Short descriptive text snippets
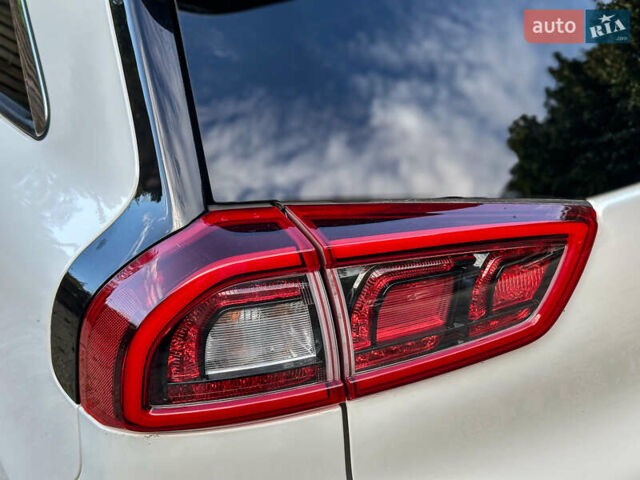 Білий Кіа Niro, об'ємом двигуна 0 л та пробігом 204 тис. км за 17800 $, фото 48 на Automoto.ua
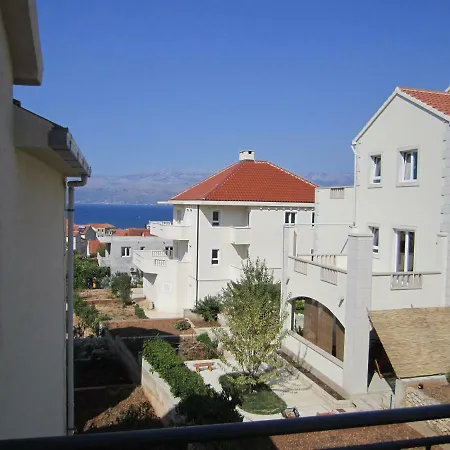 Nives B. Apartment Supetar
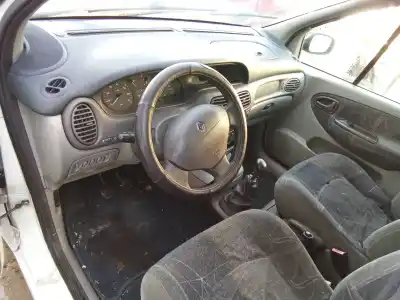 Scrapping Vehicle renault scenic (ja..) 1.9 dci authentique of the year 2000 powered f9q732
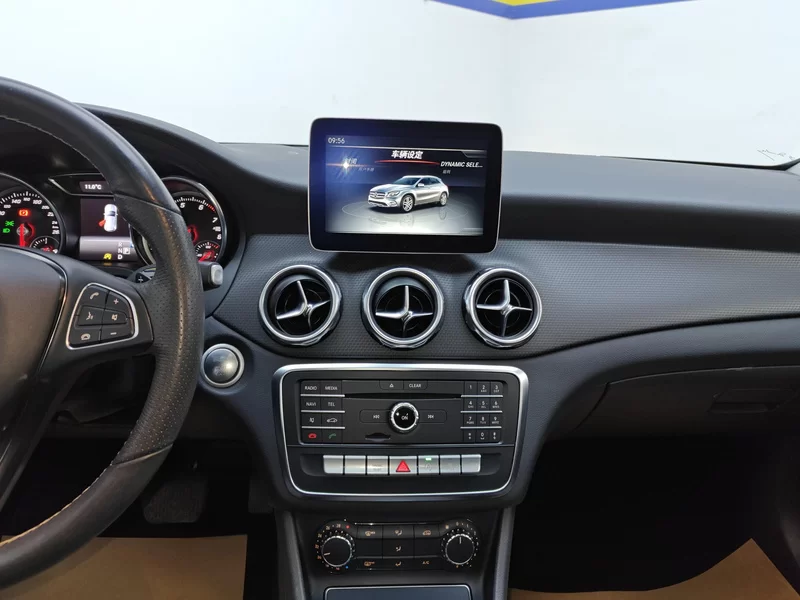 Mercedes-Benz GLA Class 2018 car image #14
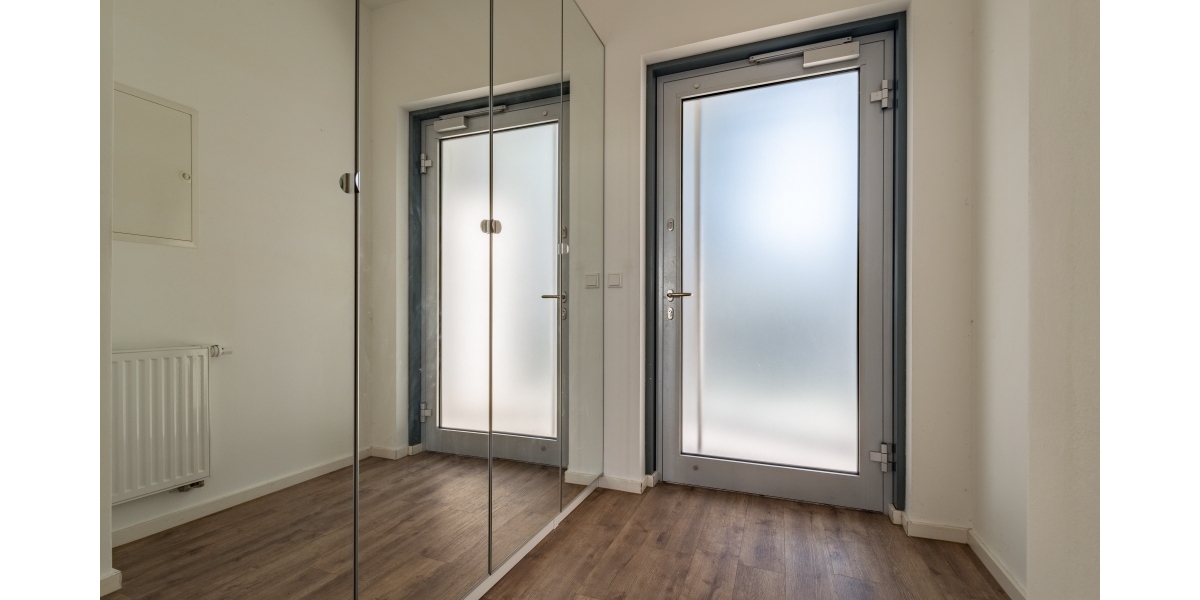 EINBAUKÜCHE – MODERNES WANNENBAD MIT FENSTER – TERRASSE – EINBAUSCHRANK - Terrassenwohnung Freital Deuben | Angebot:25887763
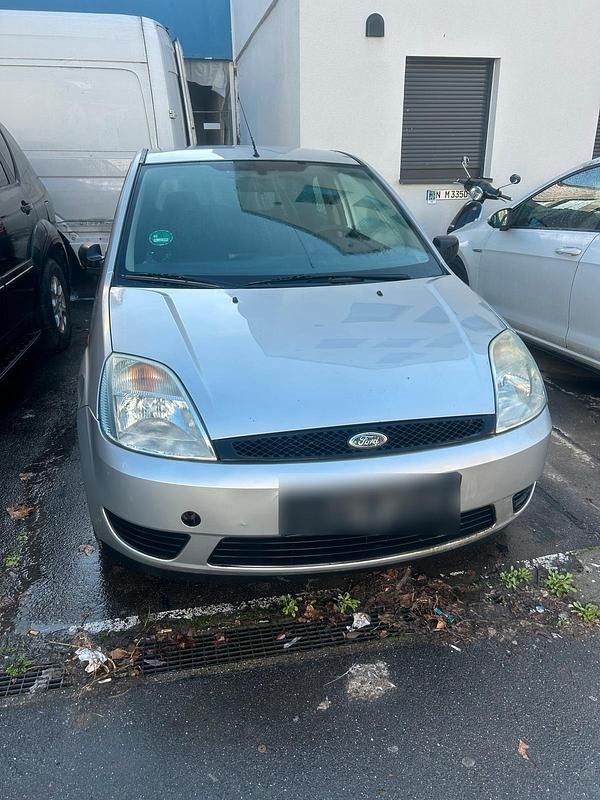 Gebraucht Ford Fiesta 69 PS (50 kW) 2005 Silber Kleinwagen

Prompt: Set down every record exactly, without the pictures.

Solution to the problem:
 Білий Кіа Niro, об'ємом двигуна 0 л та пробігом 204 тис. км за 17800 $, фото 48 на Automoto.ua
 Nives B. Apartment Supetar
 Scrapping Vehicle renault scenic (ja..) 1.9 dci authentique of the year 2000 powered f9q732
 Mercedes-Benz GLA Class 2018 car image #14
 EINBAUKÜCHE – MODERNES WANNENBAD MIT FENSTER – TERRASSE – EINBAUSCHRANK - Terrassenwohnung Freital Deuben | Angebot:25887763
 Gebraucht Ford Fiesta 69 PS (50 kW) 2005 Silber Kleinwagen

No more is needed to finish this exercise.